My long time readers know that I extensively use algorithms.  When I gave a call to back up the truck and buy gold in the $600 range, I could confidently say that gold could triple.  The call was based on hard data.  The call proved spot on.  We sold half of our gold at $ 1904, right at the top, and put a stop on the rest at $1757.

Right now it is very different in that long-term target projections cannot be made based on hard data. Yes, we can have opinions but opinions are a dime a dozen.  To be successful over a long period of time, investors must make decisions based on hard data.  At this time it is necessary just simply to make an evaluation on a day by day basis.

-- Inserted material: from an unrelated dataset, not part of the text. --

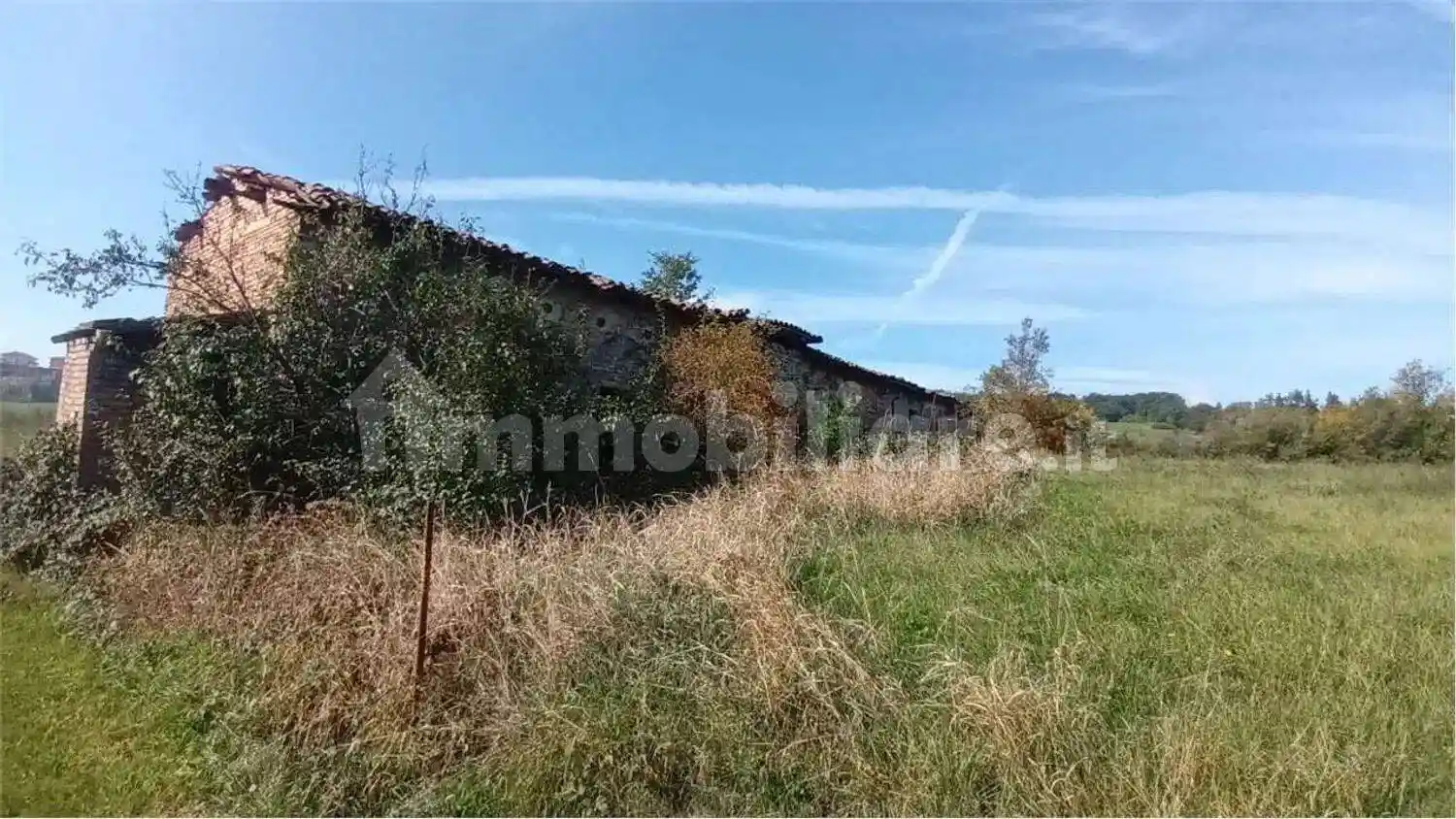 Rustico - Casale in vendita a Serramazzoni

The best way to look at targets is to take a sophisticated approach.  However, it is understandable that many investors want to take a simple approach.

The Simple Approach

Please click here to see an annotated chart of gold futures GC_F.  The chart shows resistance lines. These are the targets. When and if gold crosses a resistance line, we will look forward to the next resistance line.  This is the simple approach.

The Sophisticated Approach

In a sophisticated approach, we look at fund flows in the following three categories.

  • Momo crowd
  • Short squeeze
  • Smart money

We also look at probability of gold reaching various price zones.  To see the current data and how it is used, please click here.

Please note that this data changes often.

Gold And Silver Ratings

The Arora Report precious metal ratings are widely used by bullion dealers, jewelers and investors across the globe.

The first cut of ratings on gold and silver at The Arora Report is generated by complex algorithms that automatically change with market conditions. Then human judgement is added before publication.  Inputs to our algorithms include relationship between currencies, interest rates, sentiment, money supply, global geopolitical picture, global GDP growth, inflation in key countries, leading indicators of inflation, risk appetite, mine production and jeweler demand, smart money actions, speculator actions, and our proprietary technical indicators.

Here are our current ratings that take into account not only the rewards but also the risks. The goal of every investor ought to be to generate high risk adjusted returns, i.e., returns in excess of those commensurate with the risk taken.  These ratings are designed to produce higher risk adjusted returns.  In our over 30 years in the markets, one of the biggest and most common mistakes we have seen investors make is to ignore risk.

  • Positive in the very, very short-term.
  • Mild Positive in the very short-term.
  • Neutral in the short-term.
  • Mild Positive in the medium-term.
  • Mild Negative in the long-term.
  • Positive in the very long-term.

These ratings are reviewed daily and changed frequently to help both long-term investors and short-term traders.  For definitions of time frames, please click here.

Allocation To Precious Metals

From 2007 to 2011, Arora allocation to precious metals was 20% of the portfolio. For those who are inclined to always have gold in their portfolio, a long allocation of 2 – 4% to precious metals from a very long-term perspective at this time is appropriate.